Now I think of Simeon.  I think of someone who may never get the chance to walk, let alone run.  And I think of myself, who is perfectly capable of running, but chooses to make excuses.  I can't do that anymore.  I can't take for granted the fact that I was blessed with a body that allows me to run.  Having a child with special needs in our family is really sobering.  Don't we all think that it will never happen to us?  I have been angry a lot the past few months when I think about girls on "16 and Pregnant," drug addicts (and even freaking Snooki) who have perfectly healthy babies.  Do they know how lucky they are?  I've been thinking about how unfair it is that two amazing people who have done everything right have to go through this difficulty.  I know that they will be amazing parents to Simeon.  There is no doubt about that.  I just know that I will never take a healthy pregnancy and a healthy child for granted.

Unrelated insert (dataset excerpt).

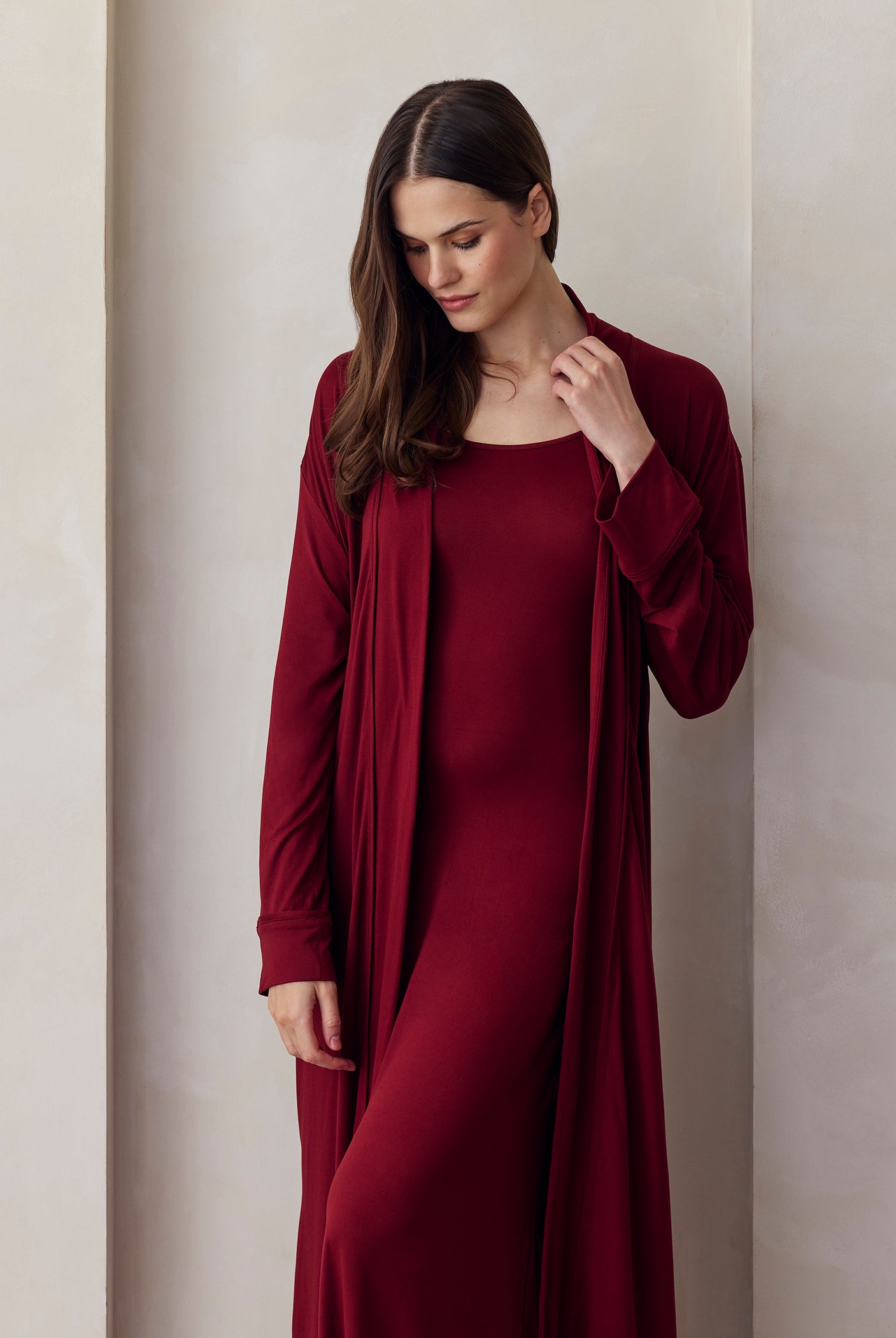 the cloud robe in burgundy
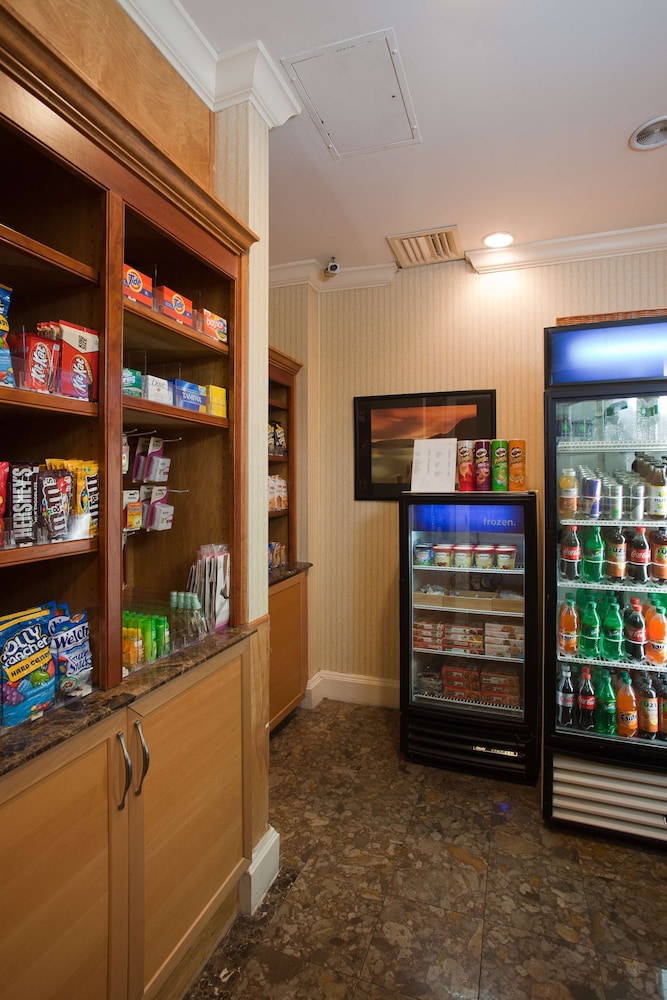 hampton inn and suites stamford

So, long story short, I have joined Team Spina Bifida.  TSB allows you to participate in any event (half marathon, marathon, triathalon) on behalf of the Spina Bifida Association.  Naturally, my team is called Team Simeon.  (click on the link to donate!)  I'm trying to raise $1000 - and cross that finish line - in honor of Simeon.  I won't be able to look at him and tell him that his aunt very well could have run, but chose not to.  What greater motivation is there?

Monday, February 27, 2012

where do we go from here?

Here I am, four months later, for your blog-reading pleasure.  I know you've all been on pins and needles.

But seriously, I've been really wondering what to do with this blog other than talk about my feelings.  As you all know, I'm sans bambinos at this phase in my life.  And as much as you all love me, I doubt you want weekly updates on the adorable things I do and what new words I've learned.  And lets be honest, a blog about my cats would just be terrible to read.  So that brings us to here.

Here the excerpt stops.